Now it was time to dive deep and monitor closely. I ran tcpdump in the background and performed the steps of reproducing 421 Misdirected Request on both the browsers respectively.

 sudo tcpdump -i en0 dst 157.10.100.57 -w test_01.pcap

Inspecting Requests

On WebKit, only one Client Hello was observed. genius/blogs/421_wireshark_webkit.png

- packet captures of WebKit, observed only one Client Hello

On Chromium, two Client Hello were observed, one for each host. genius/blogs/421_chromium.png

- packet captures of Chromium, observed two Client Hello

Since both host reside on the same server i.e 157.10.100.57, it seemed that WebKit used the same TLS connection for both host which led to nginx responding with 421.

“It cannot just be WebKit right ? some of the android clients that faced the issue must be doing the same.“

It was clear to me that some browsers are reusing the same TLS connection for different host because they have the same destination. The behaviour was rare and since we have two edge server, it led me to believe that each host must have been being resolved to different addresses for the most time.

$ dig nepalipatro.com.np +short
157.10.100.23
157.10.100.57

$ dig payment-portal.nepalipatro.com.np +short
157.10.100.23
157.10.100.57

Now what?

The issue was visible, it’s the browser re-using the same TLS connection for different host. On the other hand, Chromium handled this perfectly by initiating a unique TLS connection for each host even if they reside on the same server.

I don’t have control over the browser, even if I were to submit a patch, the behaviour persists for pre-patch builds.
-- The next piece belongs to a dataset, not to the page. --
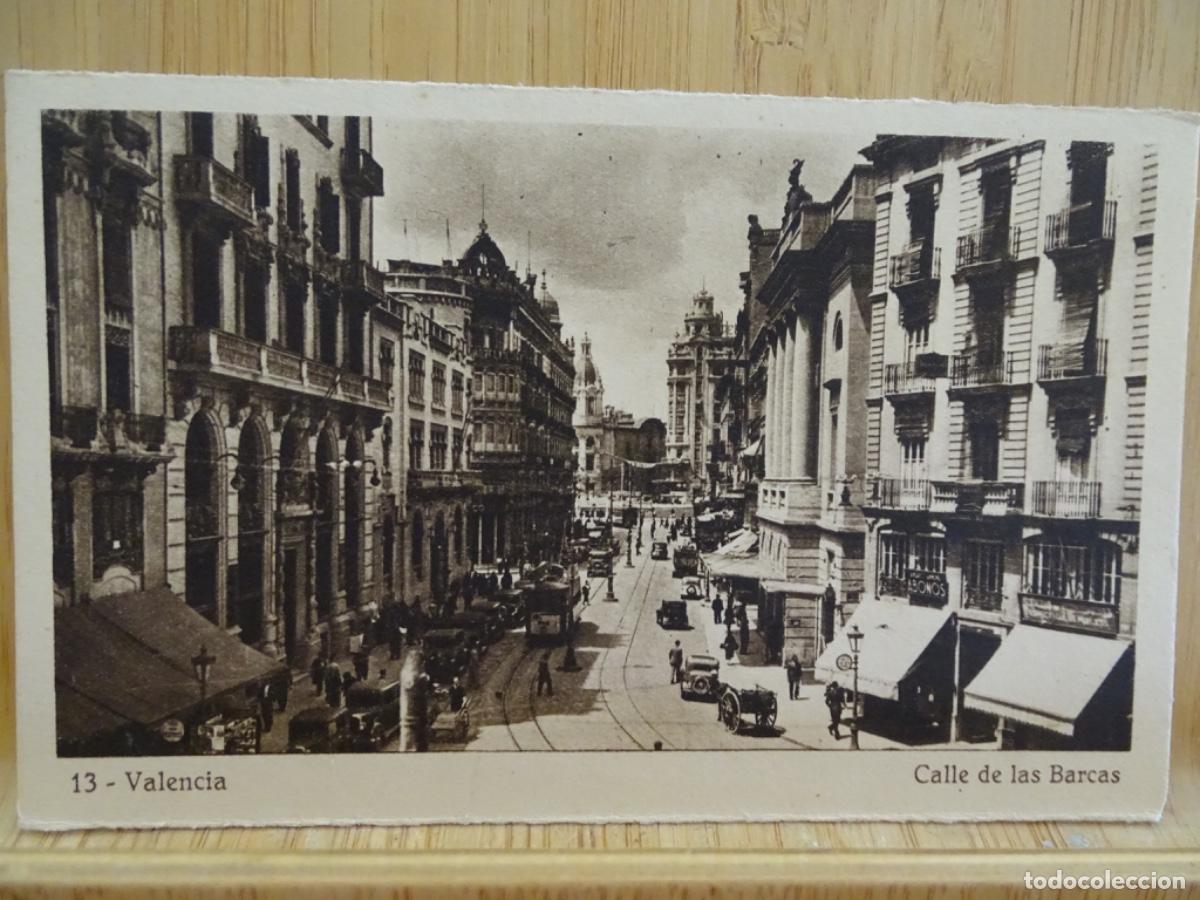 Postais: VALENCIA 13. CALLE DE LAS BARCAS. J. DURA.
I sat back, tried to visualize the flow again, view the packets again, read the examples again. And on re-reading about the status code 421, I came across this statement.

Hmmm, so 421 can be triggered if the scheme is different. But we are terminating TLS at the same point for both the host so it didn’t make sense so I ignored it but it did lead me to check our nginx configuration.
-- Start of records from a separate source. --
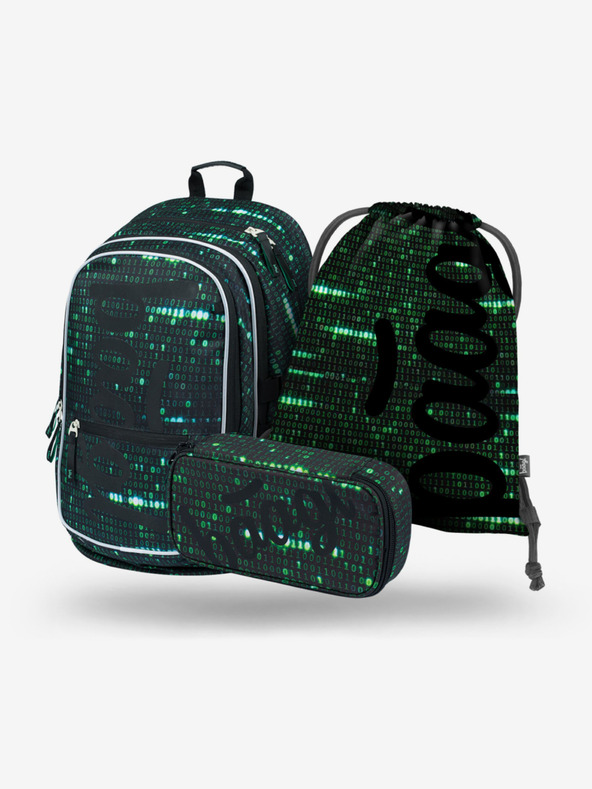 BAAGL  BAAGL 3 SET Core Numbers: hátizsák, tolltartó, táska BAAGL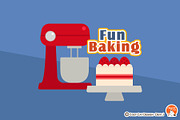 Fun Baking Digital Clip Art, an Object Graphic by Cozy Cat Design (Thumbnail 2 of 3)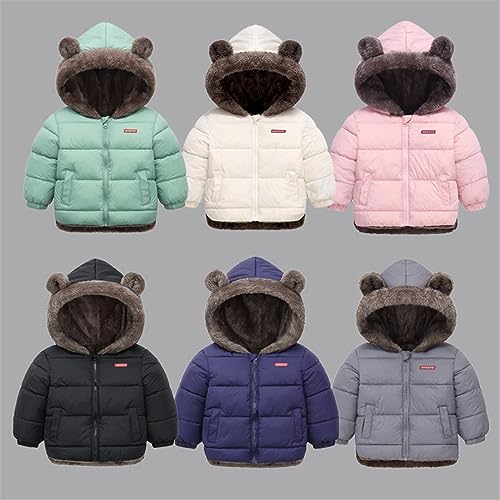 Little Girls Boys Winter Warm quilted Jacket Down Puffer Thick Fleece Coat Outwear2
As I take a closer look at nginx configuration for both the host, I noticed a difference.

You see it too, right? One has http2 enabled and the other one does not. I enabled http2 on both the host and no longer received status code 421.

So it turns out WebKit and some browser engines negotiated TLS and trasmitted HTTP2 data. But when the same TLS connection was used to transmit HTTP1, nginx responded with 421.

The Fix

Enabling HTTP2 on both the host did the job and we no longer recieved 421 across all our clients.

After enabling HTTP2, I further inspected the packets of WebKit and observed it to have two Client Hello, one for each host.